As promised, a security researcher on Wednesday revealed several security vulnerabilities in Oracle Corp.s 9i database software, some of which enable an attacker to run arbitrary code on the affected machine or access the database server without a password.
Patches or workarounds are available for all of the vulnerabilities.
The advisories come at a particularly inopportune time for Oracle, as the Redwood Shores, Calif., company is in the midst of a huge marketing push that touts 9i as “Unbreakable.”
The most severe vulnerabilities are a series of buffer overflows in the Apache Web server module in the 9i Application Server. The problems lie in the PL/SQL (procedural language/structured query language) module in Apache, which enables remote users to call procedures exported by a PL/SQL package stored in the database server, according to the advisory published by David Litchfield, co-founder of Next Generation Security Software Ltd., a U.K.-based security company.
Litchfield has hinted previously that he had found several problems in 9i, but he had been holding off on releasing the details until Oracle issued patches or workarounds.
An attacker can cause a buffer overflow of this module in several ways: sending an overly long request to the PL/SQL module; a long password set in the Authorization HTTP client header; an overly long cache directory name in the cache form; or setting an overly long password in the adddad form.

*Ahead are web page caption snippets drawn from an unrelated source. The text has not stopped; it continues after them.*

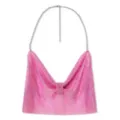 Pink Chain Bow Crop Top at Spencer's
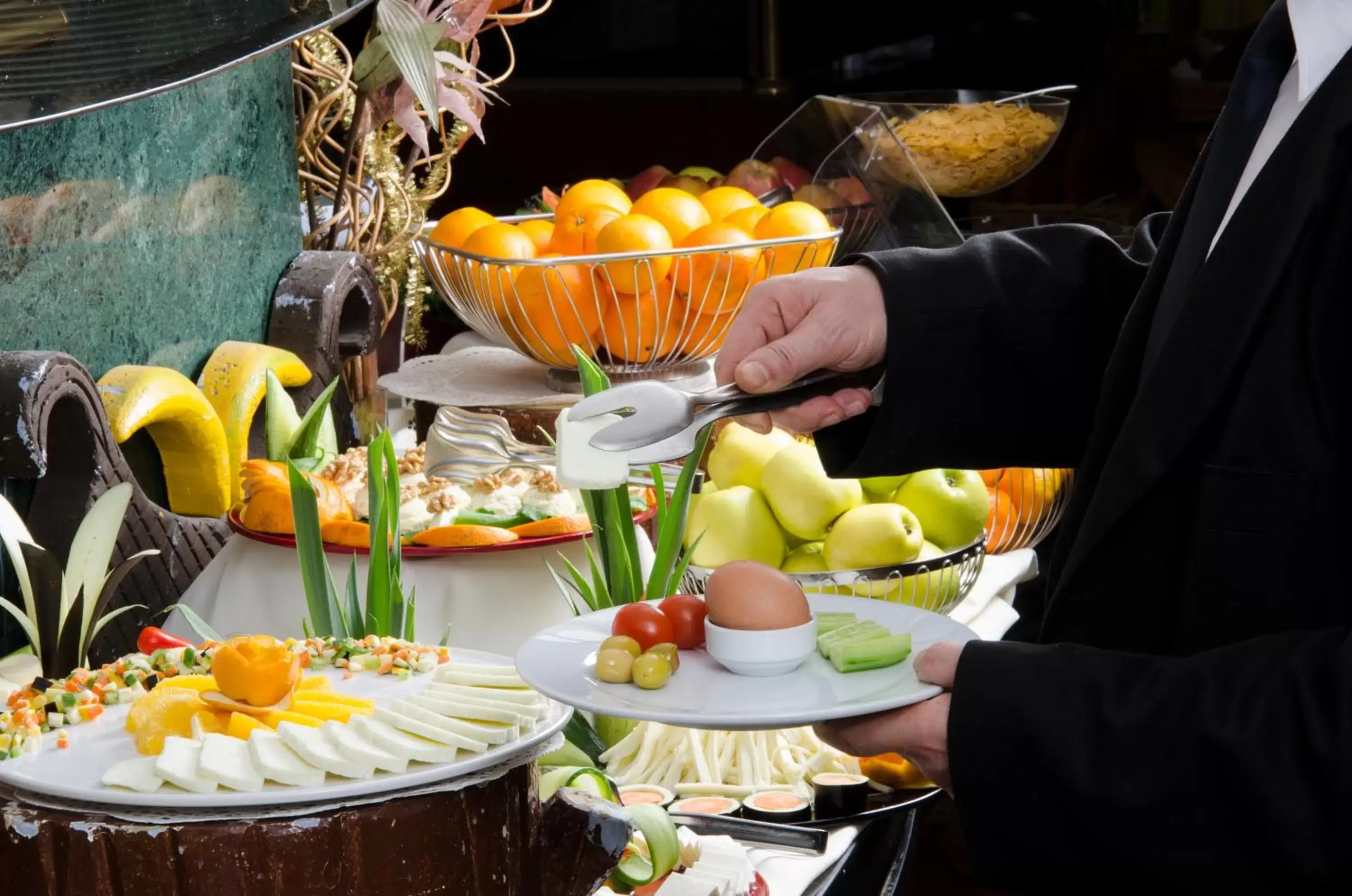 Food close-up in Akar International Hotel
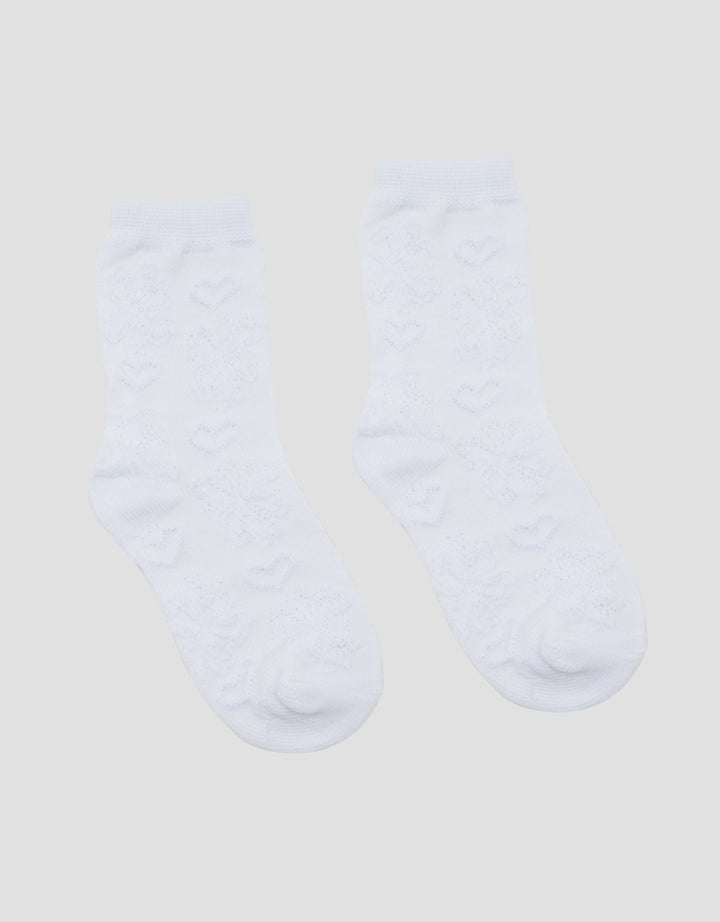 Little M Texture Little Flower Kaus Kaki Anak Perempuan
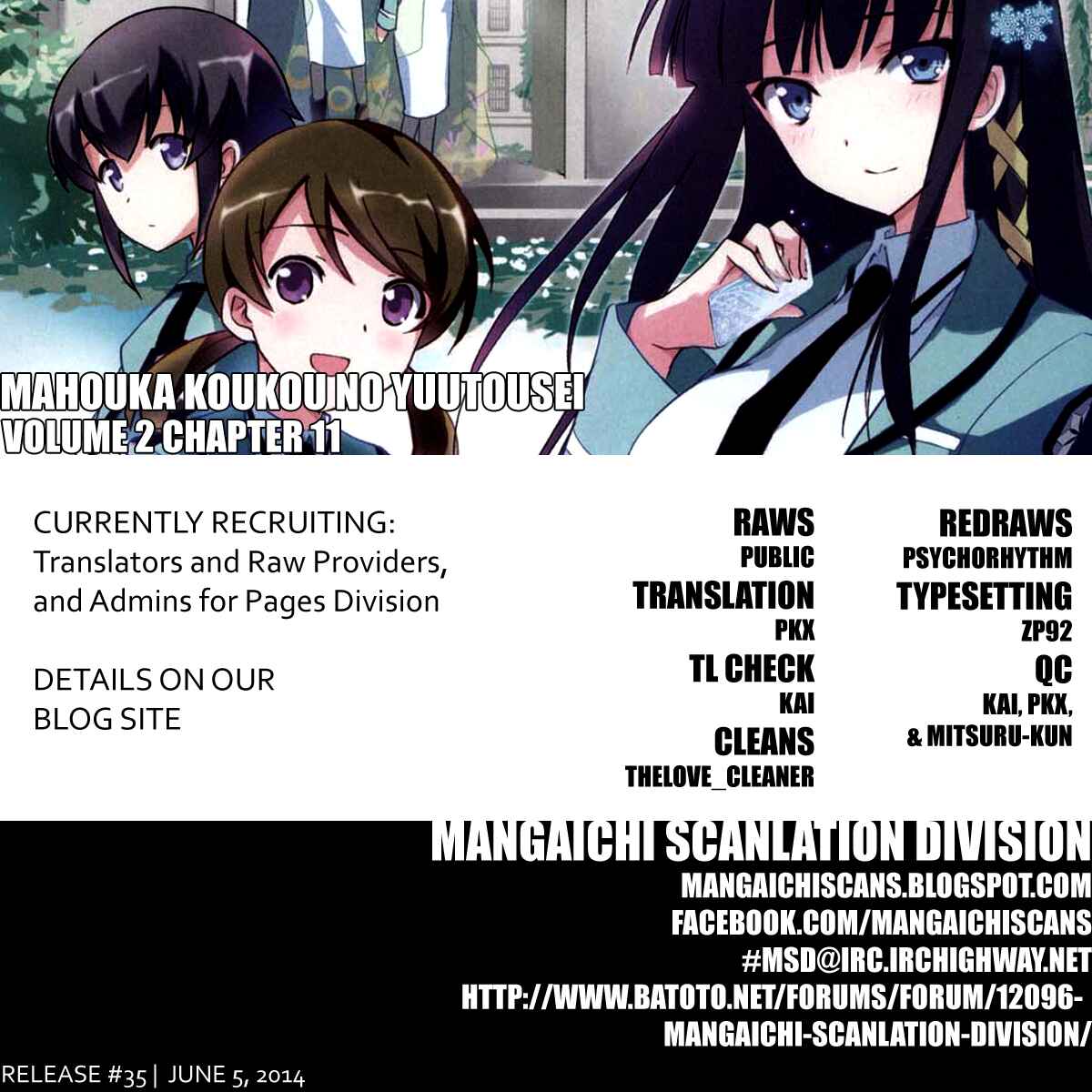 Page 1 Chapter 11 The Honor Student at Magic High School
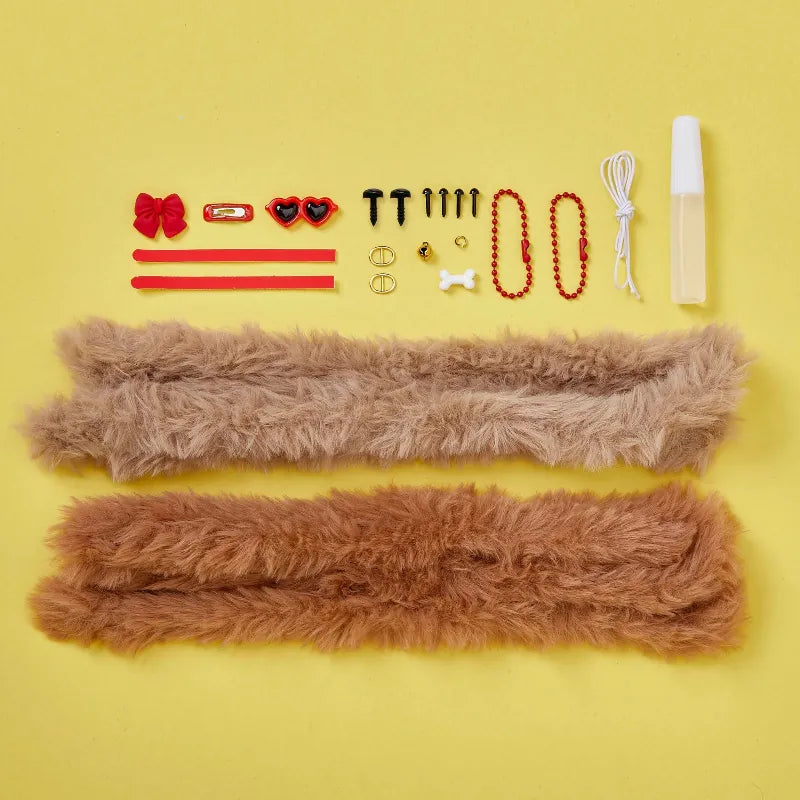 Bright Stripes Art & Craft Activity Kits DIY Chenille Cuties - Puppies
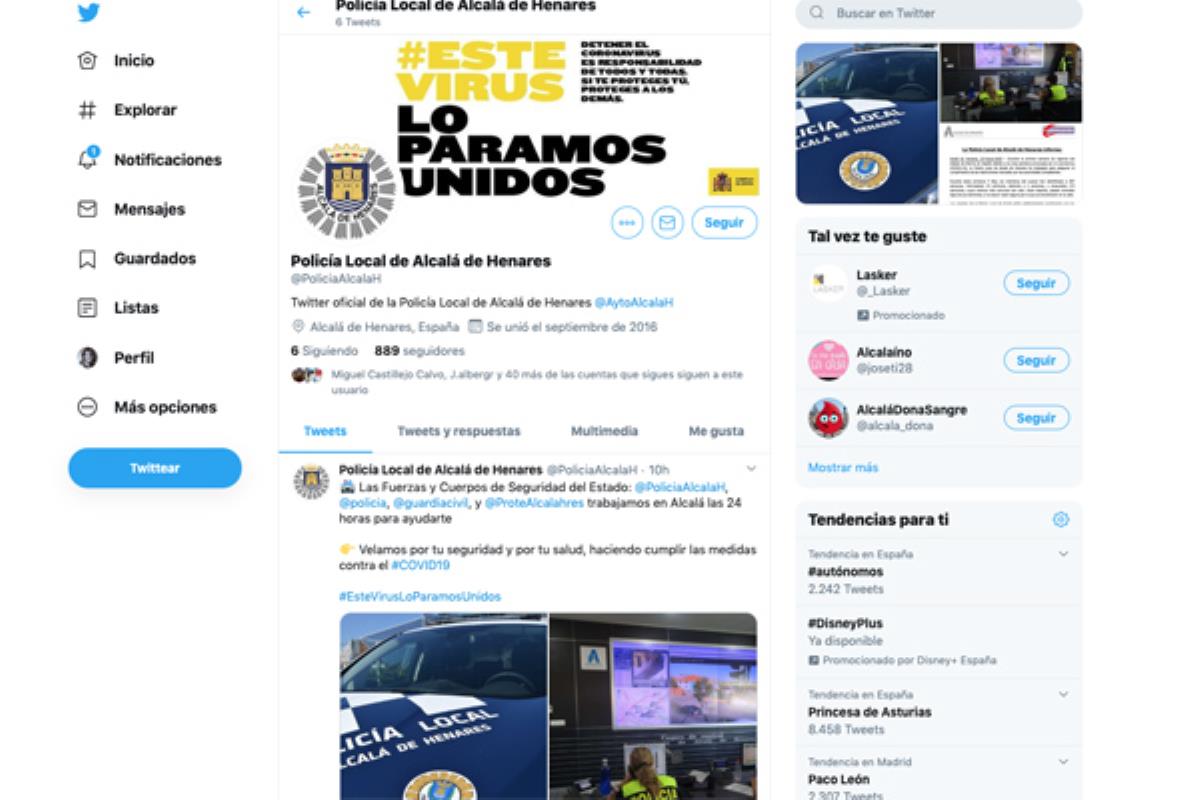 La cuenta @PoliciaAlcalaH contará con toda la información oficial
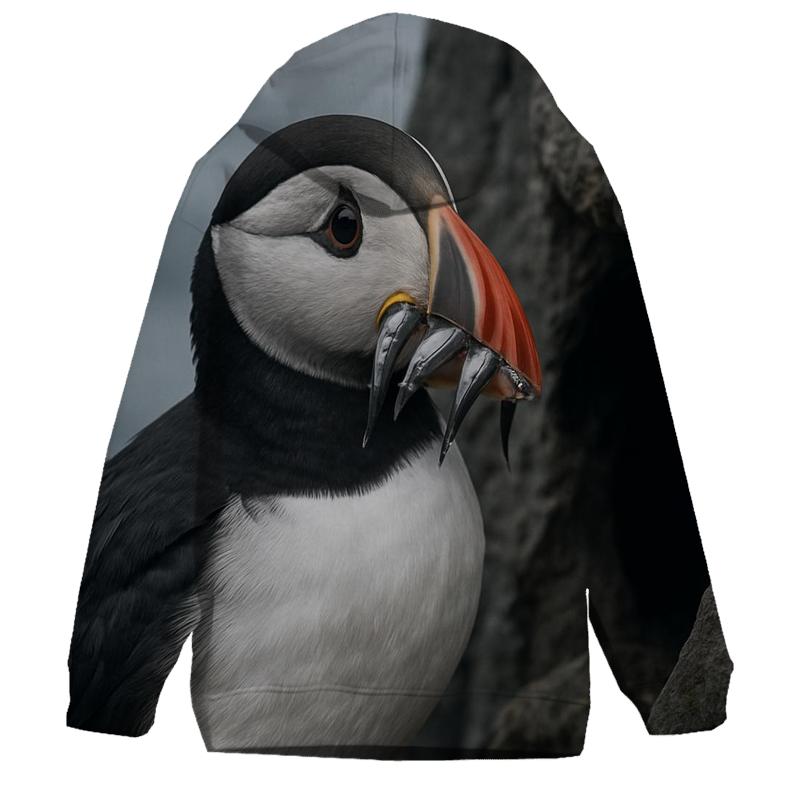 Basalt Cliff Nursery Atlantic Puffin hoodie styles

These flaws affect a version of the 9i AS running on Sun Microsystems Inc.s SPARC Solaris 2.6; Microsoft Corp.s Windows NT and 2000; and Hewlett-Packard Co.s HP-UX 11.0/32-bit, according to Litchfields advisory.
Another flaw, which affects Oracle 9i and 8i databases on all platforms, also involves the PL/SQL package and enables an attacker to call any function in any library on the vulnerable system. Litchfield said he has discovered a way to bypass the password and user ID functions that would normally be required to log into an Oracle database.
An attacker could masquerade as an Oracle process and execute any function in any DLL on the system without being required to authenticate himself. This can be done remotely, Litchfield says, over a TCP connection.
The final vulnerability affects 9i AS and enables an attacker to view the source code of Java Server Pages downloaded from OracleJSP servers. The problem is that translated Java files contain the pages source code in clear text, which can often contain information such as the database user ID and password.
Oracle responded to a request for comment on the vulnerabilities with a prepared statement: “How a company responds to a bug is extremely important. Oracle responds as quickly as possible with information, patches and workarounds that customers can apply. No Oracle customers have reported issues stemming from these bugs.”